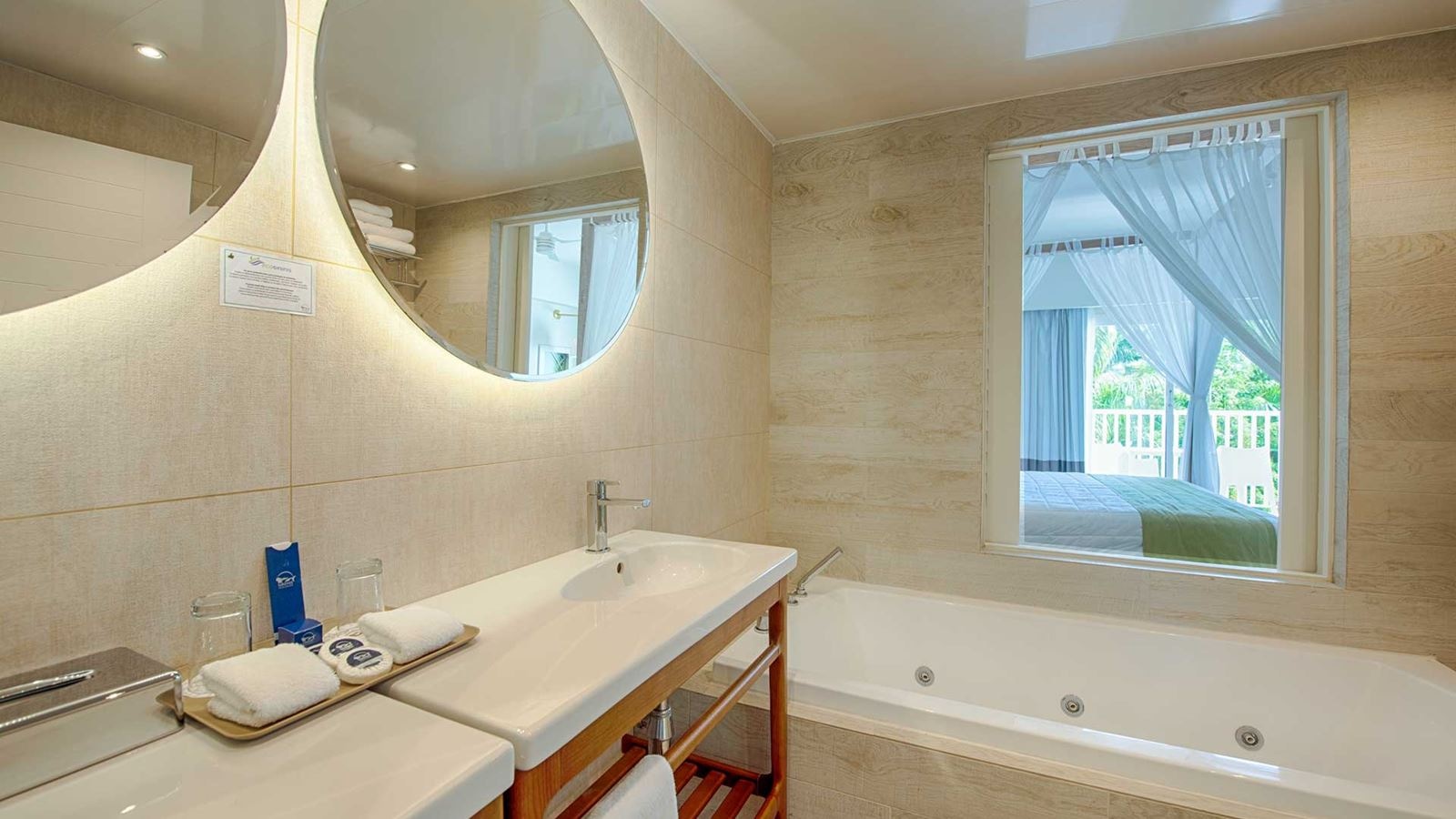 rooms-romance-double-room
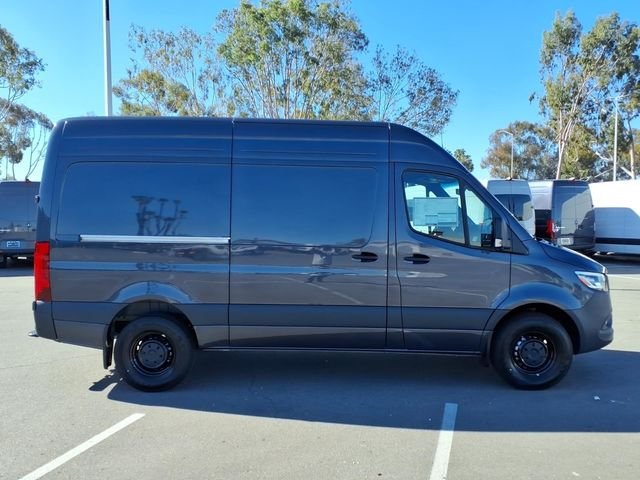 New 2026 Gray Mercedes-Benz Cargo 144 WB image 22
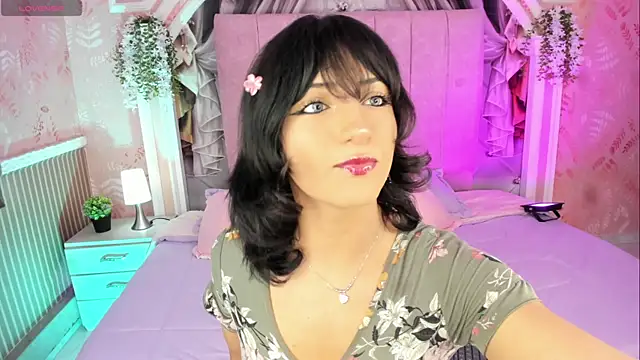 Snapshot of sweetness_siren chatting on August 4, 5:43 am sweetness siren online show from August 4, 5:43 am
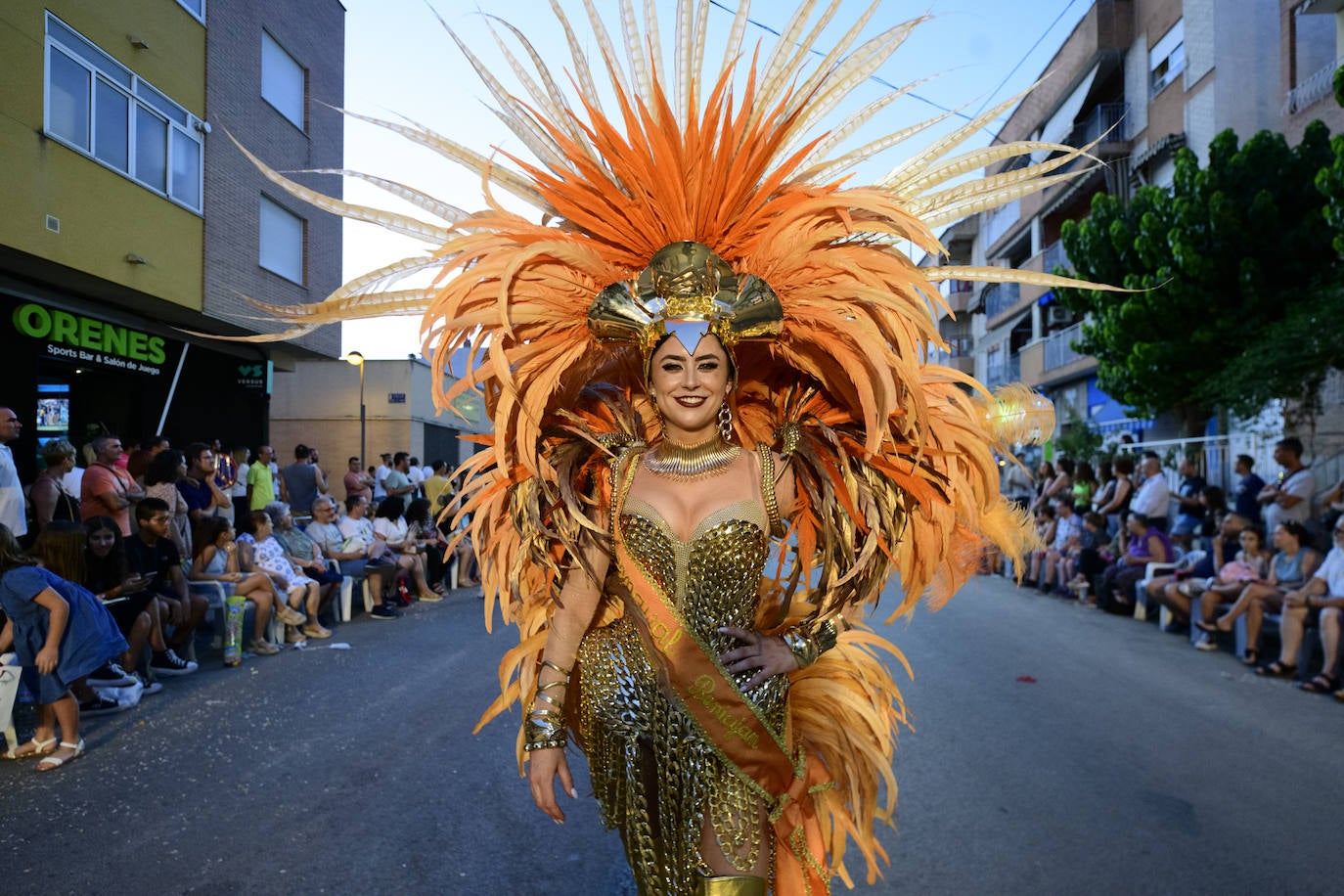 Fotos: El carnaval salda al fin su deuda festiva con Beniaján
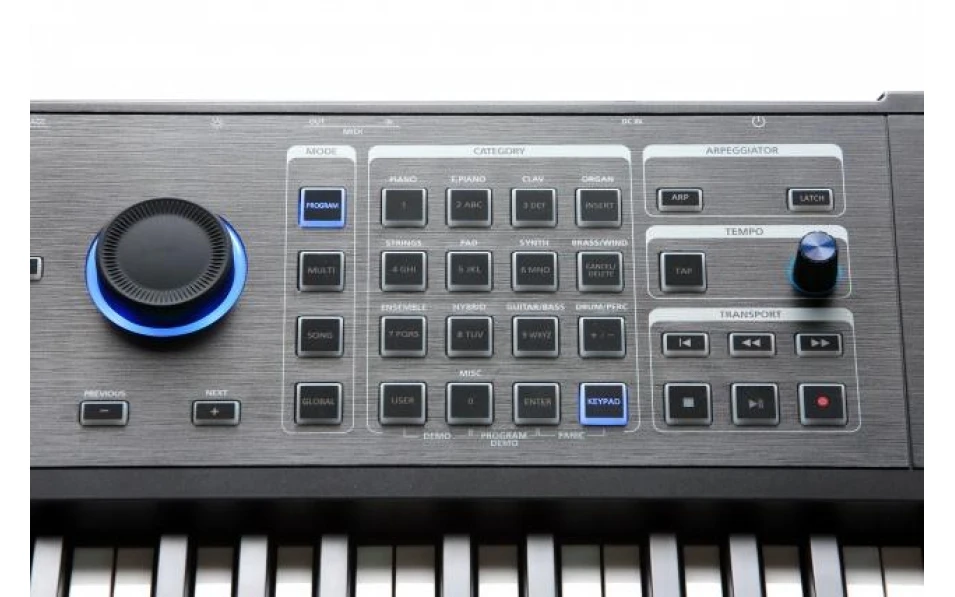 Синтезатор KURZWEIL PC4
■ ■ ■ ■
**The problem**
Please set down every record exactly as it appears, leaving out the pictures.

**Written response**
 rooms-romance-double-room
 New 2026 Gray Mercedes-Benz Cargo 144 WB image 22
 Snapshot of sweetness_siren chatting on August 4, 5:43 am sweetness siren online show from August 4, 5:43 am
 Fotos: El carnaval salda al fin su deuda festiva con Beniaján
 Синтезатор KURZWEIL PC4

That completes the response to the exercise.